Here in Hawaii, there are glimmers of hope. It’s been widely reported that Gov. David Ige’s daughter preferred him to do her hair bun before dance recitals – she said he was better at it than Mom because he had more practice. (When you run into him, ask. I did once, and he was happy to share the story.)
Figuring that nothing says “old boy network” like real estate development, I turned to the folks at Howard Hughes Corp. for their input. Many of the top executive spots are held by men, several of them with young children – a fact I know because I’ve seen these guys with their kids at company events like Courtyard Cinema, the monthly outdoor movie screening that HHC hosts at its IBM Building headquarters.
“If the culture exists in your company, don’t think of it as men versus women,” says Todd Apo, VP of community development. “Treat it for what it is, a culture that recognizes the importance of family.” Take that and run with it, he advises, making the time to be there for those milestone events while also getting your work done. Of course, don’t abuse the privilege.
“Start the habit now, setting the expectation at work that you’re going to make it a priority to participate in family events,” he advises. “And make sure you tell your co-workers why you’re taking off a little earlier and that you’ll finish your work after getting your child to bed. They will understand, and likely applaud you.”
Apo recalls an older colleague once saying he wished he had a list of all the times he prioritized work over his kids, and the reason he’d done so at the time. He regretted it, Apo recalls, and adds that lesson has stuck with him. Be the guy who pushes the culture forward at your place. You won’t regret it, and neither will your colleagues, who may follow your lead.
Q: I hear all about work-life balance, but what about community-work versus work-work balance? I sit on boards, volunteer with nonprofits, not to mention my kids’ school events and fundraisers. I know my visibility in the community is good for me professionally, and it’s a benefit for my employer, since my job includes community relations. But what about me? Sometimes I feel like my head’s going to spin off.
A: I remember that moment perfectly. Three kids, two on-going volunteer projects, one board, endless homemade cupcakes and costumes for school events, my 60+ hour work week, and one month where we never shared a family dinner. I stomped my feet, dropped the board, turned to Safeway cupcakes and off-the-rack costumes, cooked dinner, and cuddled up with the kids in front of the TV.
But surely there’s a solution that avoids the adult equivalent of a foot-stomping temper-tantrum.
Kim Gennaula, Iolani School’s executive director of advancement, inspired many of us at HB’s Wahine Forum last fall with her wise counsel on balancing work, life and all the stuff in between.

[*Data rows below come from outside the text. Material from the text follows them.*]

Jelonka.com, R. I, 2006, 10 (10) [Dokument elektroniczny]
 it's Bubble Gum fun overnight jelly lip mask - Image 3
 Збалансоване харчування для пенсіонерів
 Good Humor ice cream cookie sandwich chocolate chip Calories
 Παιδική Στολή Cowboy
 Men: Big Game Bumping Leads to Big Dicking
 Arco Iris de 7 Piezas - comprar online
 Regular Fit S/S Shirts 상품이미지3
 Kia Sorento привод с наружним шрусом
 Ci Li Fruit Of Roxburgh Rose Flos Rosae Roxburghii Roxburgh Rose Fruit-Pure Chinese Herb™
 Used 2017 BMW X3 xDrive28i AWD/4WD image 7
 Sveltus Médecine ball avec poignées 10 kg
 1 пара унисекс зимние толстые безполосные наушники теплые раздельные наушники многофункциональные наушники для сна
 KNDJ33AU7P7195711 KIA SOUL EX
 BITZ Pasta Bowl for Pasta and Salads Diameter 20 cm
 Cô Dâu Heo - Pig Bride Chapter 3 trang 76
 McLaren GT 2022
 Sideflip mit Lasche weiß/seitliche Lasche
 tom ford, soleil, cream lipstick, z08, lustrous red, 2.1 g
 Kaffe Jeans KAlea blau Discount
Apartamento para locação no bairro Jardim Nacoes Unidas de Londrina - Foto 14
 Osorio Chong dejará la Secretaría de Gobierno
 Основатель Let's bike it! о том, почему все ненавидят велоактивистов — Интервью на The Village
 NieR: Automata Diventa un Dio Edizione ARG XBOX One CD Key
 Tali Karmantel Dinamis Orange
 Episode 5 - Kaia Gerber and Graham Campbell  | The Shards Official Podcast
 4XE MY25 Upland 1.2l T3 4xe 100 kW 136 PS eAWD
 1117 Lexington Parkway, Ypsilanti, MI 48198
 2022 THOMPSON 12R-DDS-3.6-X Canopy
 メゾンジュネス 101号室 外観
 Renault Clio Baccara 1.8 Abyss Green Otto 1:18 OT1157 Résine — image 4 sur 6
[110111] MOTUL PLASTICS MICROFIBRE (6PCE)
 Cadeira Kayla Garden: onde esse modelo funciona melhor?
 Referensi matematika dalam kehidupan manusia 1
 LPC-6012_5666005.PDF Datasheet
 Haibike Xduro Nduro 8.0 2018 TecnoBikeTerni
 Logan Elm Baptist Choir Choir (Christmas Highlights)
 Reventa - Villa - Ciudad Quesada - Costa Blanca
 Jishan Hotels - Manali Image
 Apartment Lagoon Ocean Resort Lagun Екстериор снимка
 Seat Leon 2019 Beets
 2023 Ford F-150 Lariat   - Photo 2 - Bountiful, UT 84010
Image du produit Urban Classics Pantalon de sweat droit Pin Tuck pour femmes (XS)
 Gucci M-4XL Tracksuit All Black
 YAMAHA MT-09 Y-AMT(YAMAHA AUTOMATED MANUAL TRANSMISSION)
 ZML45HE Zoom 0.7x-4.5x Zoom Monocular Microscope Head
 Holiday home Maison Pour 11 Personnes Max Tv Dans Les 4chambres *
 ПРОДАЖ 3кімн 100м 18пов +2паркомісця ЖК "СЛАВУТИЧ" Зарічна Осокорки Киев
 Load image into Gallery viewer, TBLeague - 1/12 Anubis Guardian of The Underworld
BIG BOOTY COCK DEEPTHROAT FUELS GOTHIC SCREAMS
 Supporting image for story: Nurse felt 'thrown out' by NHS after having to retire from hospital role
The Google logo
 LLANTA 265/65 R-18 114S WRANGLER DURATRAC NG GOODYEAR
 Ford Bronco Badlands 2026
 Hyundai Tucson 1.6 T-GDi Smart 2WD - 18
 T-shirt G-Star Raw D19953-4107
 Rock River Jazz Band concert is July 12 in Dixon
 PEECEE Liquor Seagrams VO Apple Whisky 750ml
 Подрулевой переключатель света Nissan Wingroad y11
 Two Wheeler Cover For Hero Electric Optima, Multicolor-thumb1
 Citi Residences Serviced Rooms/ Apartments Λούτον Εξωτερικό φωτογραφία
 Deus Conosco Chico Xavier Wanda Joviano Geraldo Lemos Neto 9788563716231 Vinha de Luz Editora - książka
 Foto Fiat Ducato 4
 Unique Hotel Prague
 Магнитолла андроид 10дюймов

Her secret seems to be discipline and a focused attention to what matters.
“Before I attend other things, I think about the value it brings to my job,” she says. “And I’m also very careful about how I help,” pointing out she serves on only one board, choosing instead to help other organizations with projects and specific needs.
Gennaula knows she has greater flexibility in her job than some people might, but she also lets her boss know what she’s doing in the community and what that adds to her responsibilities at Iolani.
“It’s OK to prioritize your family over your job and those commitments,” she says. “Sometimes I decide I’m just going to sit home and watch a movie with my kids.” She figures that’s the greatest and best use of her time – and, while I didn’t ask her, I bet she’s right there with me on Safeway cupcakes, too.